There’s one thing all dermatologists agree on: Retinol is the gold standard in skin care. Retinoids, which are derivatives of vitamin A of different potencies, have the ability to exfoliate the upper layer of the epidermis at high speed, which promotes collagen production, reduces fine lines and wrinkles, attenuates hyperpigmentation and treats acne.
Retinoids may come highly recommended by professionals, but there are a number of important rules that skin experts want to remember before you incorporate the miracle ingredient into your routine for the first time. of care – and it would be a really good idea to stick to it. We share our top five recommendations for incorporating retinol into your skincare routine … because no one wants to end up with sore, scaly skin when the goal is to achieve clear, healthy skin.
Expect a “skin purge “
When a strong retinol is prescribed in the clinic, there is almost always what is called a skin purge. It is important to know this, that it’s going to pass – it’s just all this congestion that comes out. It usually results in rashes – sometimes severe. Vitamin A is very effective in clearing comedones, those pores clogged with the build-up of sebum and keratin that can occur under the skin. Form of “closed” buttons of flesh color or black dots, white dots and small red “open” buttons.
Once this process has started, the skin becomes more inflamed and red because the skin realizes that something is changing, and therefore turns those little pimples into bigger, redder ones – so if you hadn’t noticed your clogged pores under your skin before, you are about to discover them x 10. “For some people it can be very intense, but the problem goes away pretty quickly, which is why I always warn my patients that with acne things get worse before they get better.”
Find the right dosage
[Bleeding from the skin] is less likely to occur with a milder form of retinol.
Whatever the intensity of your “purge”, this phase should not last too long. “The length of time is different for everyone, and depends on your skin type and the amount of clogged pores. “The first four to six weeks of retinol use are often the worst, but things tend to stabilize soon after.”
It really pays to gradually increase your dose of retinol. “Listen to your skin and combine retinol with other products”. We recommend that sensitive skin begin with bi-weekly use, mixing a few drops with your favorite moisturizer after cleansing the face. “If you don’t have a reaction, you can switch to one use every other day.” You can even apply the product neat to the skin and apply the moisturizer afterwards. ”
Reduce the use of other assets
Use caution in your skin care blends if you’re new to retinol. “For my part, I would be inclined to reduce the other assets, such as AHAs and BHAs (exfoliating acids).
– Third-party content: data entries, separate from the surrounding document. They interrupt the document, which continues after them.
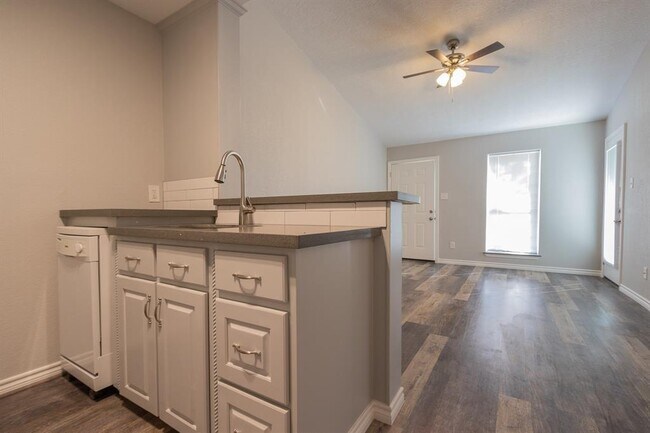Building Photo - 3900 Woodchase Dr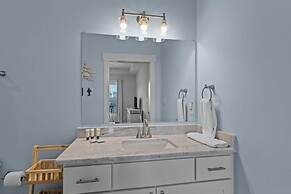 Terminal Sea 3 Bedroom Townhouse by RedAwning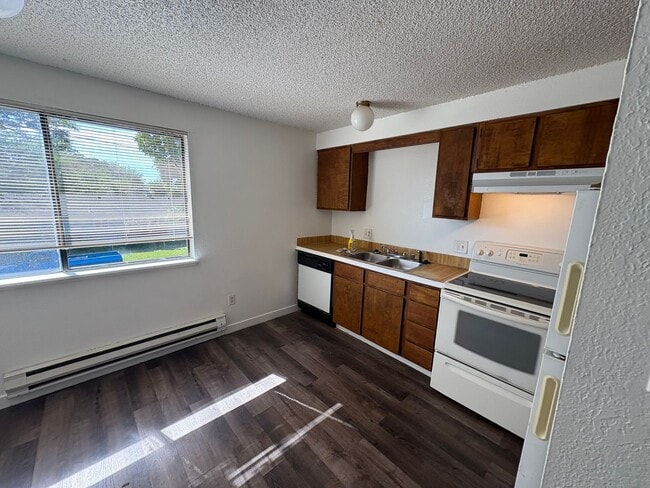 Building Photo - Cherry Ave 8 plex's Unit 1120 D Rental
Thus, retinol is better tolerated.” But the border can be thin. A slight peeling and redness suggests that the product is working, but the skin should not be attacked too much. You should always apply sunscreen during the day, as retinol can increase your skin’s sensitivity to UV rays.
Avoid the eye area
This is often the first area where you notice effects – and that includes redness and sore, scaly skin. A very mild retinol can be very helpful for this area, but at first it’s best to avoid the area around the eyes and lips, and gradually increase the dose. Always apply a cream around the lips and eyes beforehand to act as a protective barrier.